The new Fair Warning Act of 2025 is looking to give the federal law that governs mass layoffs—the Worker Adjustment and Retraining Notification (WARN) Act—a serious upgrade. Simply put, this bill is designed to make sure employees get more notice when their job is about to disappear and that the government is better prepared to step in. The biggest change? Employers will generally need to give 90 calendar days advance notice before a site closing or mass layoff, up from the current 60 days. This notice must go to the affected employees, the Secretary of Labor, and state and local agencies, kicking off a mandatory rapid response process.

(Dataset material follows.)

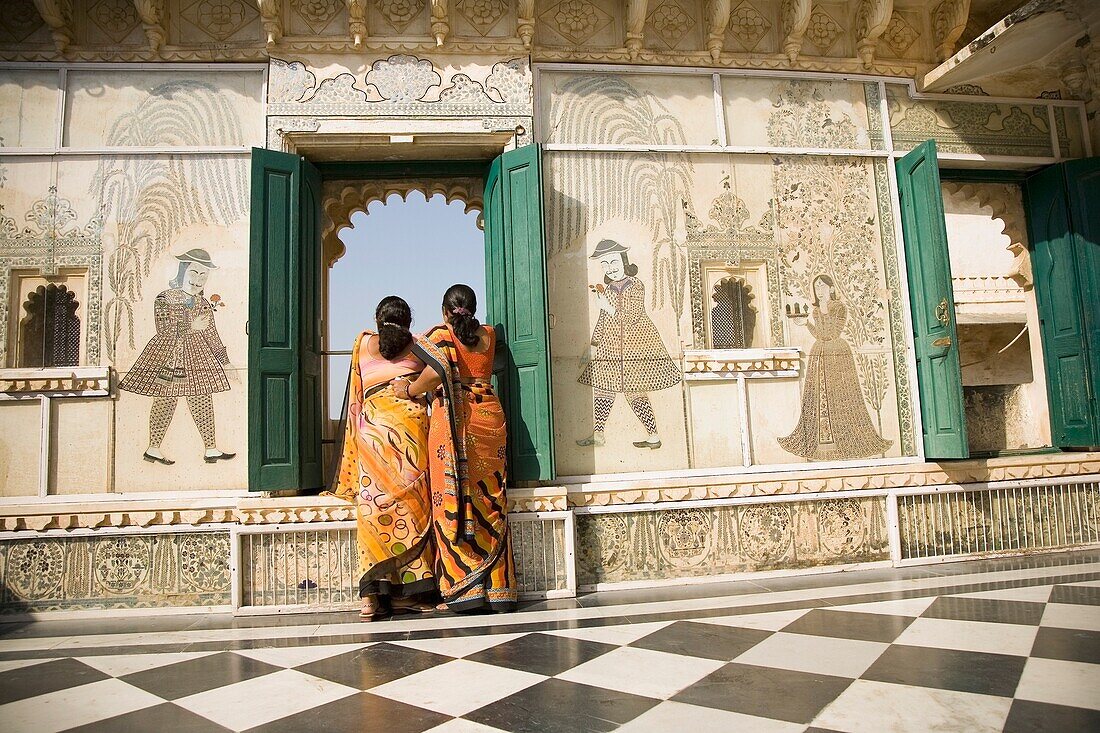 Women Looking At Lake Pichola From City Palace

For anyone working a job, the definitions matter, and this bill tightens them up significantly (SEC. 2). A "Mass Layoff" is now triggered if you let go of 10 or more employees at one location, or 250 or more overall. Crucially, remote workers are now explicitly included in the count if their job loss is tied to the closing of a physical site. A “Site Closing” now happens if 5 or more employees lose their jobs within a 30-day period. This is a lower threshold than current law and means smaller, targeted cuts will trigger the notification requirement. The definition of "Employer" also expands slightly, now covering any business with 50+ employees or an annual payroll of at least $2,000,000. That payroll trigger could pull some smaller, high-value operations—like specialized tech firms or consulting groups—into the WARN Act's compliance net for the first time.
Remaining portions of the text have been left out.